Le quotidien parisien mais aussi les bacs des matches de vétéran, le foot à l’ancienne, les potes de l’usine, le renvoi du Standard, le prêt à Westerlo ou la vie en Diable, voici un joli concentré d’une trajectoire vraiment pas comme les autres. Rencontre à Paris avec la dernière hype belge de l’Hexagone.

« J’ai le parcours d’un type normal « , nous dira- t-il un peu plus loin. Sauf que le 3 juillet 2016, la vie de Thomas Meunier a basculé. Le PSG annonçait avoir signé notre international pour une durée de quatre ans. En seulement quelques années, l’enfant de Sainte-Ode est passé de l’anonymat de Virton à l’un des cercles européens les plus médiatisés. Et pourtant, à l’entendre ou à le regarder, rien n’a fondamentalement changé. L’homme est resté lié à son terroir ardennais, tout en étant parfaitement installé au coeur de la frénésie parisienne.

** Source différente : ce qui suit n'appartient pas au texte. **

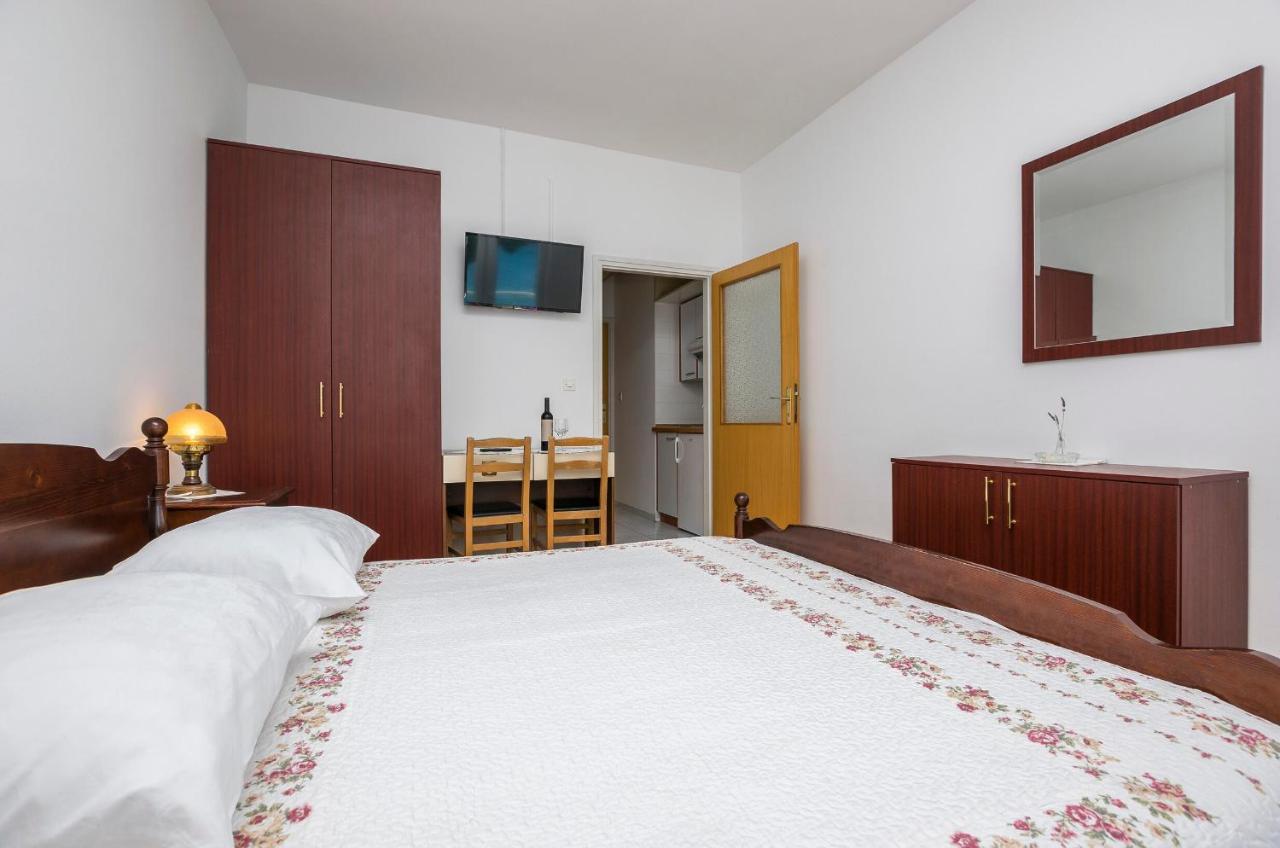 Apartment And Rooms Franka 扎博里克 外观 照片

Un grand écart avec lequel il jongle quotidiennement. Et avec une simplicité déconcertante. Alors qu’ils étaient rares à l’imaginer briller au milieu de toutes ces étoiles, Thomas Meunier s’est rapidement imposé sur et en dehors des terrains. Il est même devenu le joueur le plus demandé du PSG, nous dira le service presse du club. L’histoire de Thomas Meunier a finalement tout d’un rêve éveillé. Et ce n’est pas la soirée catalane cauchemardesque qui pourrait y changer quelque chose.

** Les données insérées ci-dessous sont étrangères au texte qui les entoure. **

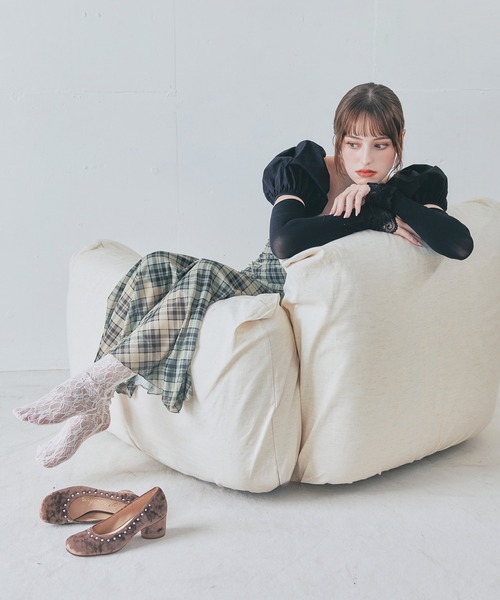Bridget Birkin(ブリジットバーキン)の「【Bridget Birkin】トップラインビジューオブリークパンプス(551051)(パンプス・レディース・ベージュ系その他/ブラック系その他/ブラウン系その他・23.5/24/22.5/23/24.5)」の8枚目の写真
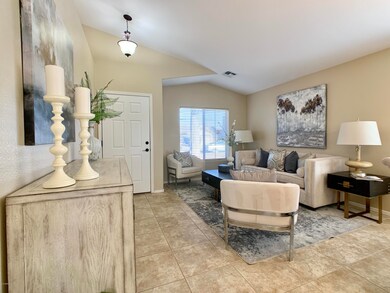 Living room/dining room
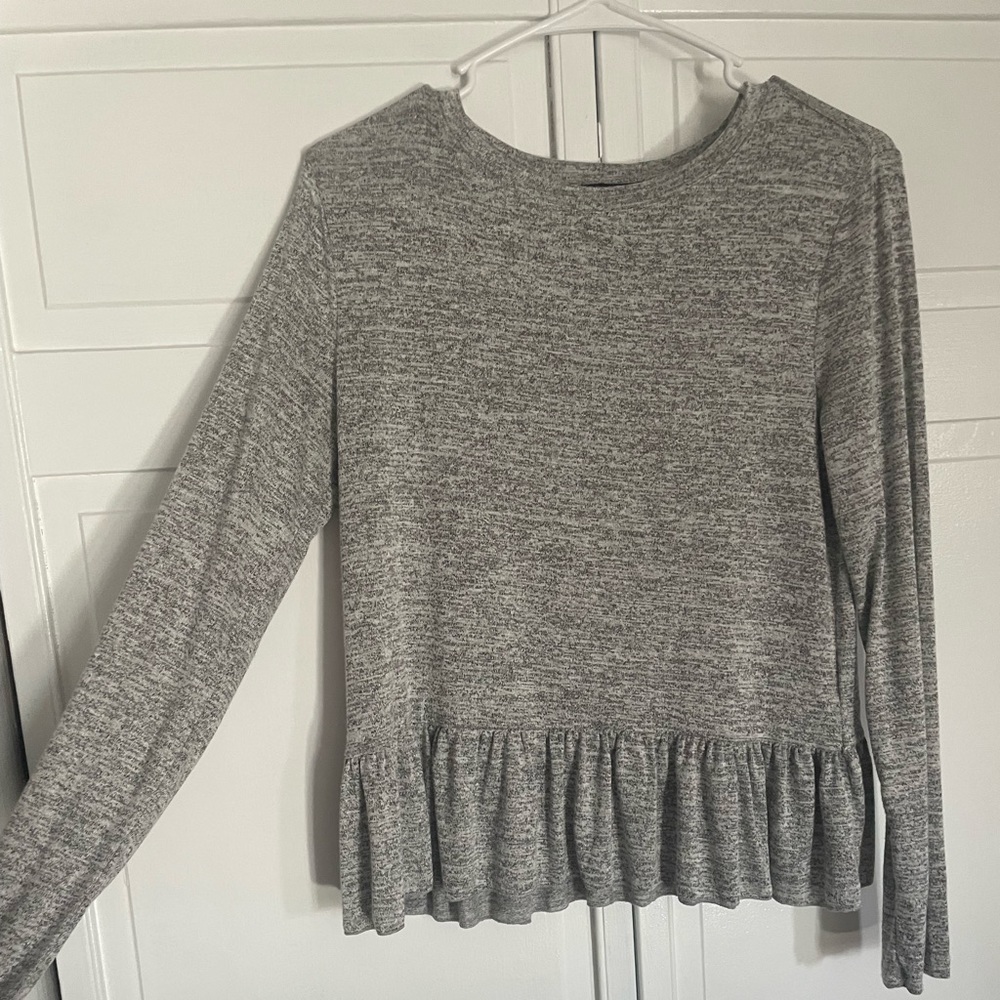 Peplum gap sweater, women’s medium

Quel regard portes-tu aujourd’hui sur le fiasco de Barcelone ?

THOMAS MEUNIER : Le match aller, on l’a joué avec une insouciance immense et plusieurs jeunes sur le terrain. Rien n’était contrôlé, tout semblait naturel, il y avait une forme d’inconscience dans notre jeu. Au match retour, le conscient a repris le dessus et ça nous a tétanisés. Mais malgré le fait qu’on a fait un match de merde, on aurait pu se qualifier. On a eu des un contre un pour tuer le match, tout en étant médiocres. Et même si le Barça était plus fort, il y a quelques faits de match discutables.

Tu as été le premier, dès la fin du match, à être très critique envers votre prestation collective.

MEUNIER : C’était visible dès le départ que ça allait être difficile. Il y a des signes qui ne trompent pas. Quand Marco (Verratti) perd ses deux premiers ballons, alors qu’il n’en avait plus perdu depuis 2004, tu sais que ça ne va pas aller (il rit). Adrien (Rabiot) aussi, il a toujours une aisance ballon au pied, une prestance. Et là, tu vois ses contrôles partir à trois mètres, tu te dis : oh putain…

C’est la scène qui est encore trop grande pour ce PSG ?

MEUNIER : Non, je crois surtout qu’on a été conditionné à craindre Barcelone. Car avec le 4-0 de l’aller, la terre entière nous a rappelé qu’il y avait un risque de se faire éliminer. Quand, continuellement, on te fait rentrer quelque chose en tête, ça finit par avoir son effet. Mais surtout, on n’a pas abordé ce match comme on aurait dû le faire.

C’est l’équipe qui a reculé ou le coach qui vous a demandé de jouer plus bas ?

MEUNIER : Le coach a demandé qu’on joue notre jeu. Mais dès les dix premières secondes, tu comprends ce qu’il va se passer : un bloc a avancé, l’autre a reculé, et on n’a plus bougé, on est resté piqué dans notre milieu de terrain et presque dans nos 16 mètres durant toute la première période.

 » LE JOUEUR SALOPARD, ÇA SE PERD  »

Il ne manque pas dans ces moments-là une forte personnalité pour vous obliger à redresser la tête ?

MEUNIER : Oui, peut-être. Thiago Motta aurait pu faire du bien. Il a gagné deux Ligues des Champions, il a l’expérience de ce genre de matches.

Durant l’Euro, tu nous disais, un peu avant la rencontre face aux Pays de Galles, qu’il manquait un Roy Keane chez les Diables au milieu de terrain pour faire le sale boulot. Tu as ce même sentiment au PSG ?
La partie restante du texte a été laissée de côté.